Making the case for preventing violence in schools, with Safe to Learn
Alongside the Global Partnership to End Violence Against Children’s Safe to Learn initiative, we recently co-hosted the Together to #ENDviolence event:
Preventing Violence Against Children in and through Schools: Unique Opportunity for Early and Long-term gains.
Over 200 participants from around the world convened for the event, which marked the official launch of the Coalition for Good Schools. The event shined a light on the magnitude of violence against children in and around schools – and provided guidance towards building momentum for safer learning environments, globally.

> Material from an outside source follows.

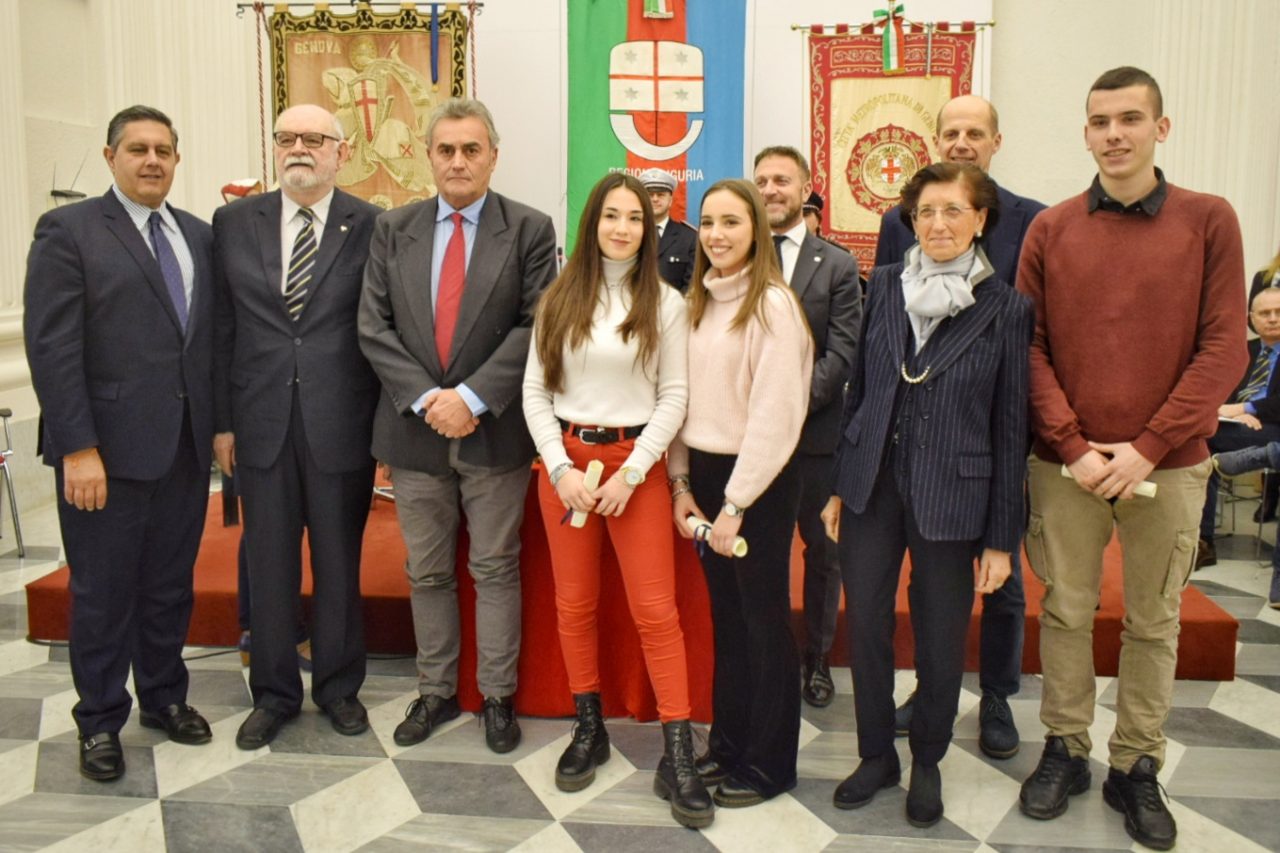 Concorso regionale sulle Foibe, Muzio premia gli studenti del Gianelli Campus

Attendees heard the voices of global leaders like Coalition co-founding member and HakiElimu Executive Director, John Kalage. Plus critical allies weighed in from the London School of Hygiene and Tropical Medicine, the World Bank, the Global Partnership for Education, and the UK FCDO.

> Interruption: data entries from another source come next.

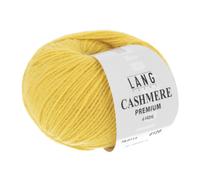 Lang Yarns Cashmere Premium 0113 gelb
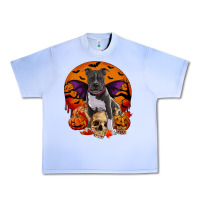 Grape Ice halloween pitbull dog Urban Heavy Tee - RanaPortraitStore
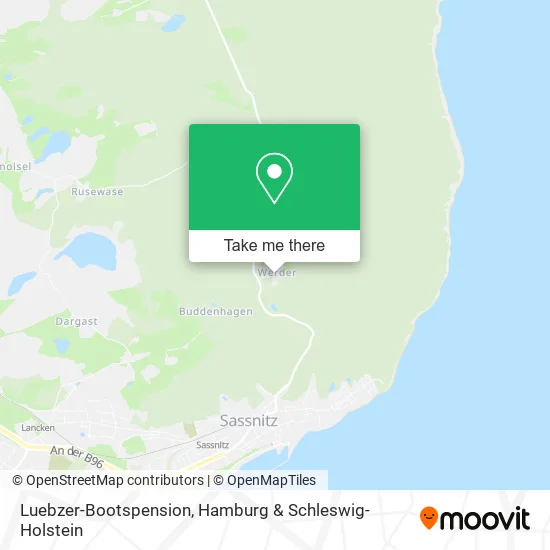 Карта Luebzer-Bootspension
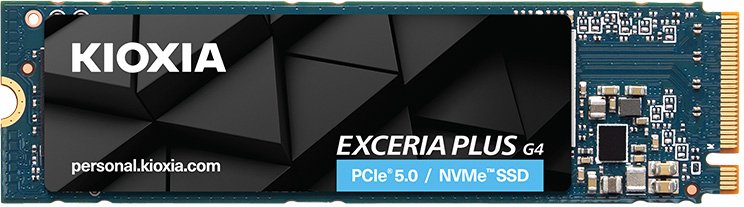 Kioxia exceria plus g4 ssd 1tb nvme - KIOXIA EXCERIA PLUS G4 SSD 1TB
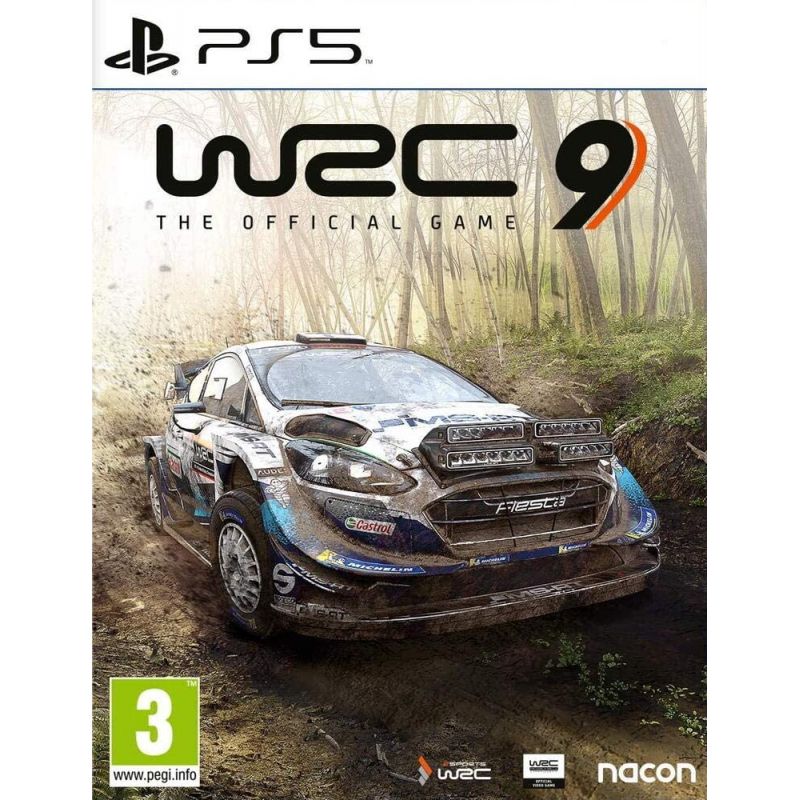 WRC 9 PS5 OCC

“When we elevate and amplify the voices of practitioners in the Global South, we are more likely to arrive at solutions that are sustainable, and which work better for all.”
John Kalage, Coalition for Good Schools
The speakers explored how schools can be used as a unique entry point to prevent violence. They outlined key advocacy strategies, partnerships, and messaging for making sufficient investment in creating violence-free schools. And they stressed the importance of listening to voices from the Global South in leading this agenda.
“Violence against children is a complex problem, and our response to it must be strategic… schools offer a natural opportunity to prevent violence against children.”
Dipak Naker, Coalition for Good Schools
Quentin Wodon from The World Bank presented the investment case for funding interventions to address violence against children in and through schools. Wodon made clear that it’s cost-effective to prevent violence against children in schools, as it will pay off multiple times in terms of what we invest in children. Read his full investment case here.
“Violence in schools does not operate in a vacuum… it appears in the community, and what happens in the home has an effect… we need interventions that are broader, that involve the whole school, but also the parents and community.”
Quentin Wodon, The World Bank
Attendees left the event with a deeper understanding of the issue of violence against children in schools. And more importantly, of the need to prioritize this issue.